Genetics and the environment (including psychiatric stress) may contribute to the pace of cellular aging, causing some individuals to have a biological age that exceeds their chronological age.
Researchers from the National Center for PTSD at VA Boston Healthcare System and BUSM now have found that a variant in the klotho gene, a gene previously associated with longevity, interacts with post-traumatic stress disorder (PTSD) to predict accelerated aging in brain tissue. These same researchers had previously shown this effect in living subjects when epigenetic age (biological age) was measured in blood, but this is the first time it has been studied in brain tissue.
Using data from individuals who donated their brains to the VA National PTSD Brain Bank, the researchers were able to examine how genetic variation and PTSD status interacted with each other to predict biological age and gene expression. They found that older adults with PTSD showed evidence of accelerated epigenetic aging in brain tissue if they had the “at risk” (variant) at a particular location in the klotho gene. Follow-up molecular experiments led by BUSM co-authors Cidi Chen, PhD, research associate professor and Carmela Abraham, PhD, professor of biochemistry, showed that this variant regulated the transcription of the klotho gene, suggesting functional consequences of the genetic variant.

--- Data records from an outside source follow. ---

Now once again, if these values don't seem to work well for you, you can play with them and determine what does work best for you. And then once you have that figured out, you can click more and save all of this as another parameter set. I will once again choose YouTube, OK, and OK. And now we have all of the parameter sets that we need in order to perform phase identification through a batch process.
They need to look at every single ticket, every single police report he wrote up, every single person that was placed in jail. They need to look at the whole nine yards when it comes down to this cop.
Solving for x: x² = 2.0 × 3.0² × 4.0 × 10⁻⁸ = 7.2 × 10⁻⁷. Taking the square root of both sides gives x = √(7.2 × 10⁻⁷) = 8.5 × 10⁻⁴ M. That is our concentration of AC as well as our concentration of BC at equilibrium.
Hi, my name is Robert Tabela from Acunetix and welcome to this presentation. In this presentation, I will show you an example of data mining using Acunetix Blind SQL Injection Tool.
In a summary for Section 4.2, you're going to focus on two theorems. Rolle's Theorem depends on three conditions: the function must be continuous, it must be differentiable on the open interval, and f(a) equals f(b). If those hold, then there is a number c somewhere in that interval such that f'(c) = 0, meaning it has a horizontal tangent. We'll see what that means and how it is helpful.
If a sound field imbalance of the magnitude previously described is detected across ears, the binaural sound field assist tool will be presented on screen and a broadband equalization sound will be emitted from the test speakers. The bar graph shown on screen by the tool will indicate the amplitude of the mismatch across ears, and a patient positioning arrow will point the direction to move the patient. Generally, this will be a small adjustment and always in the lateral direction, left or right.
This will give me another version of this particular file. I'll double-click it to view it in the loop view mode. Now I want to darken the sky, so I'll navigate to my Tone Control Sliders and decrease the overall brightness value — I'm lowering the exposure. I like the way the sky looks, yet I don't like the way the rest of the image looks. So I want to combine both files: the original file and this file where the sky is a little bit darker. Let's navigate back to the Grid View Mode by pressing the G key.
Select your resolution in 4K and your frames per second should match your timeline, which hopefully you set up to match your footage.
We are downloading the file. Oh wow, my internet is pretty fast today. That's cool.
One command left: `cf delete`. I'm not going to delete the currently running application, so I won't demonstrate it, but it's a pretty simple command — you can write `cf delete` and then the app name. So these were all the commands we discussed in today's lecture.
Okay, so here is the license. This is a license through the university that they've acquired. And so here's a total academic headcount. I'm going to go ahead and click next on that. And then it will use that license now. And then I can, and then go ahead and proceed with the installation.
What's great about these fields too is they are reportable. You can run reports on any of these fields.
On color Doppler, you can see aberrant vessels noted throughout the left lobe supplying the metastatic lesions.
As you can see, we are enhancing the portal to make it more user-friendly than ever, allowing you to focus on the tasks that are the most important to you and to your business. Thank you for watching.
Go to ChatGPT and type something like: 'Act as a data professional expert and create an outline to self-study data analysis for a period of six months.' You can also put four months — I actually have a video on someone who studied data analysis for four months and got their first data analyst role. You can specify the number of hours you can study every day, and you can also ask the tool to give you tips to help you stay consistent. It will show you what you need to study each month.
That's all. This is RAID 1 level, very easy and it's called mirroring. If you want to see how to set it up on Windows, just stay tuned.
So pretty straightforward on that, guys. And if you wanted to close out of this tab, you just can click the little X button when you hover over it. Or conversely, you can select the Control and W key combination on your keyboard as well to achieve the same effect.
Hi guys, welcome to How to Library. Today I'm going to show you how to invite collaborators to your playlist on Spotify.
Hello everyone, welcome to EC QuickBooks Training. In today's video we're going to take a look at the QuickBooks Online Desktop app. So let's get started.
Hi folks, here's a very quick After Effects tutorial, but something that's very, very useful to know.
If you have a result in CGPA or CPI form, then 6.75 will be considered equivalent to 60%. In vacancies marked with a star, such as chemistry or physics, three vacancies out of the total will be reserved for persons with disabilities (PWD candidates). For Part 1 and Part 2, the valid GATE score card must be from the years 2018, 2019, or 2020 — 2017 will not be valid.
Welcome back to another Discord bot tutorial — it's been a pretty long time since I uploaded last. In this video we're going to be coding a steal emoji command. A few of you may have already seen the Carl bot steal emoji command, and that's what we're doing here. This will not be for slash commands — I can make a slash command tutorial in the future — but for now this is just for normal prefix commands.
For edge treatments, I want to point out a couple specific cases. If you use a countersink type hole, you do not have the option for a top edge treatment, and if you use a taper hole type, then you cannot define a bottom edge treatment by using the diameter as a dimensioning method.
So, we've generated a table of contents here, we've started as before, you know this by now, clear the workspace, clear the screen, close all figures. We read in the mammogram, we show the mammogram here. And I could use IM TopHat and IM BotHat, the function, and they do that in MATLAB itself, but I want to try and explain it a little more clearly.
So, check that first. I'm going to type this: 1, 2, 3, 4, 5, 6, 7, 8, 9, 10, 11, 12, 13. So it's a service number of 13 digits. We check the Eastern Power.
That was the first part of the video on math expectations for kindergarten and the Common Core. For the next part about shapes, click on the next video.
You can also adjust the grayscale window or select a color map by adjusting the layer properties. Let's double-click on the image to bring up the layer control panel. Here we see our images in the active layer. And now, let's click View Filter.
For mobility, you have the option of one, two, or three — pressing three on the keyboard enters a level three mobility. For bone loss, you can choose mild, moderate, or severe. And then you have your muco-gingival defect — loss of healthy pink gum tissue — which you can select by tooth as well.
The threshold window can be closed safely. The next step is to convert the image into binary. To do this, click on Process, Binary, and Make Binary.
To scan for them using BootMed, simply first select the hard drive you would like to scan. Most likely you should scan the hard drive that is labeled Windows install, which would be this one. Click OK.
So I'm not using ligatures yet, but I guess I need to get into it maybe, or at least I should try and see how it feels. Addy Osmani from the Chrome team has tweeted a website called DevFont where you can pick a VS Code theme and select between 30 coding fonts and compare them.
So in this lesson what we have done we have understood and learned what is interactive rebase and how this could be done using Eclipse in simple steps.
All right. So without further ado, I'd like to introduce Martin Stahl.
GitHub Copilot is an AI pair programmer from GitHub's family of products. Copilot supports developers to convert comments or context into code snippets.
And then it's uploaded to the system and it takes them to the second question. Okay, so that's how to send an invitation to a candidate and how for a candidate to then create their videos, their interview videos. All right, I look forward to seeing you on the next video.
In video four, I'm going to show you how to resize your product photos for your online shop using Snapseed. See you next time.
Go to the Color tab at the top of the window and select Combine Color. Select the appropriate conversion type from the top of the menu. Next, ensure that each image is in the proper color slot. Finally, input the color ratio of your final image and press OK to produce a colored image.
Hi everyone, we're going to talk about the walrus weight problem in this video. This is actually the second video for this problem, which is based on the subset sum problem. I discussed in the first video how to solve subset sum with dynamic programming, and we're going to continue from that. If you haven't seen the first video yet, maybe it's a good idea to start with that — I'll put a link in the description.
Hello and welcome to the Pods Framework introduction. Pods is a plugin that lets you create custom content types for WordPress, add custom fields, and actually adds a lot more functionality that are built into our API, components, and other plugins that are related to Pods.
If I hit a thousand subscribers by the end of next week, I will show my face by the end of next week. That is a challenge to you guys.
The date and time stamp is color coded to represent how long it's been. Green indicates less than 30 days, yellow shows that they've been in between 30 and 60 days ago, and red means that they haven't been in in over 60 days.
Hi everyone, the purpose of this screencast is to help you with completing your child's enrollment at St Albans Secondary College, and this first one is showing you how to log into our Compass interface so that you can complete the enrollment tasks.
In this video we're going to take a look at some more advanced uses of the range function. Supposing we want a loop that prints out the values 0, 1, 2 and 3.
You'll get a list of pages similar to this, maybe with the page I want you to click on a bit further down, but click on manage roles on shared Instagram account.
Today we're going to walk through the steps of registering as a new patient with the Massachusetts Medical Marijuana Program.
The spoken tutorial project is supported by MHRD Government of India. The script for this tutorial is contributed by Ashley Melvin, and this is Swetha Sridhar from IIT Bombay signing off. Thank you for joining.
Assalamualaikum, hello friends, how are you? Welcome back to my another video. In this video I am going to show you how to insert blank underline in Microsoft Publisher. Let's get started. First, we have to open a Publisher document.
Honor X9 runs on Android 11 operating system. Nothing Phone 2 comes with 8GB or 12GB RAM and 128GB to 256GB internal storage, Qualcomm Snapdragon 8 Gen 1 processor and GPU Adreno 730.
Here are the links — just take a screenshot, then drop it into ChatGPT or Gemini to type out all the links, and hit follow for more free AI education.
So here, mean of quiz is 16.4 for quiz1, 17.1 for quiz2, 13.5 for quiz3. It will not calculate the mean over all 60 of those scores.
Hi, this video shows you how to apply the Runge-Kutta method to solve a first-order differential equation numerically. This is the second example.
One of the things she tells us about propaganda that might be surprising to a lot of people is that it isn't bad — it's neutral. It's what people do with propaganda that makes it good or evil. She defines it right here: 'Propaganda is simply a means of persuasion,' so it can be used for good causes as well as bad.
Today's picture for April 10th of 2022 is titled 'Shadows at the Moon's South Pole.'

Both PTSD and klotho impact inflammation, cardiometabolic conditions and neurodegeneration, including Alzheimer’s disease. According to the researchers, better understanding how klotho and PTSD interact and the mechanisms linking both genes and traumatic stress to age-related health conditions is important for the development of novel therapeutics.
“This work allows us to better pinpoint who is at risk for accelerated cellular aging, and possibly, premature disease onset (such as neurodegeneration). This can help to identify the populations at greatest risk so that targeted treatments can be matched to the individuals who need it most. As well, the results point to potential therapeutic targets (klotho) in the development of pharmacological approaches to slow the pace of cellular aging,” adds lead author Erika Wolf, PhD, clinical research psychologist for the National Center for PTSD at VA Boston Healthcare System and associate professor of psychiatry at BUSM.
These findings appear online in the journal Neuropsychopharmacology.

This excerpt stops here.